Studio album by Daniela Romo
- Released: 1987
- Recorded: 1987
- Genre: Latin pop
- Label: EMI
- Producer: Miguel Blasco Gian Pietro Felisatti

Daniela Romo chronology
| Mujer de todos, Mujer de nadie (1986) | Gitana (1987) | Quiero Amanecer con Alguien (1989) |

= Gitana (album) =

Gitana (English Gypsy) is the fifth studio album by Mexican pop singer Daniela Romo. It was released in 1987. Like her previous albums, it was also a great success for her career, with several, of the songs making an impact on the Latin billboard charts.

==History==
This is a production from Gian Pietro Felisatti and Miguel Blasco. It was recorded in Italy and Spain. It has songs written by Juan Gabriel, José María Purón, Armando Manzanero and Pablo Pinilla, among others.

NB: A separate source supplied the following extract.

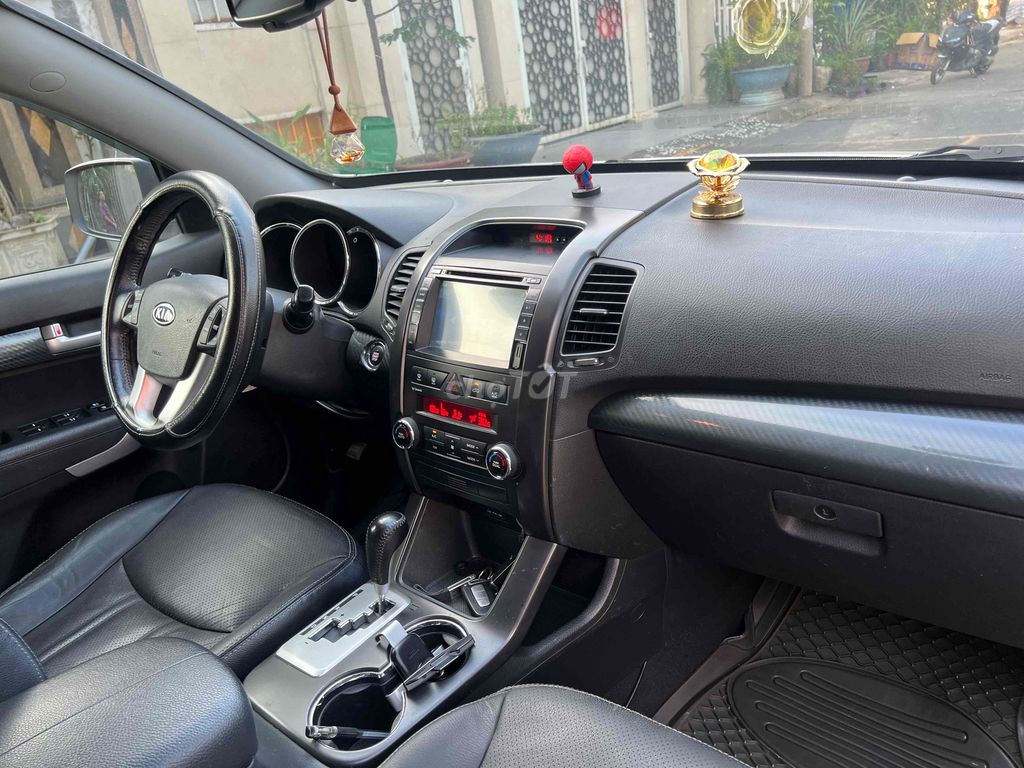 Kia Sorento 2013 bản full có cửa sổ trời xe 1 chủ. Mua bán Ô tô tại Quận 12 Tp Hồ Chí Minh được đăng bởi Phạm Hoàng hình 12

The title track was written by Daniela with Felisatti, and "Hay un sitio libre en mi corazón" (There's a spot free in my heart) Romo's second duet with Mijares.

==Track listing==
Tracks:
1. Es mejor perdonar
2. Diez minutos de amor
3. Lo que las mujeres callamos
4. Tanto esperar por tí
5. Gitana
6. Hay un sitio libre en mi corazón (Duet with Mijares)
7. Ese momento
8. El poder del amor
9. El diablo en mi tejado
10. Cuando empieza el amor

===Singles===
- "Gitana" reached #12 on Hot Latin Songs.
- "Es mejor perdonar" reached #6 on Hot Latin Songs.
- "Hay un sitio libre en mi corazón"

==Certifications==

| Region | Certification | Certified units/sales |
| Mexico (AMPROFON) | Gold | 100,000^{^} |
^{^} Shipments figures based on certification alone.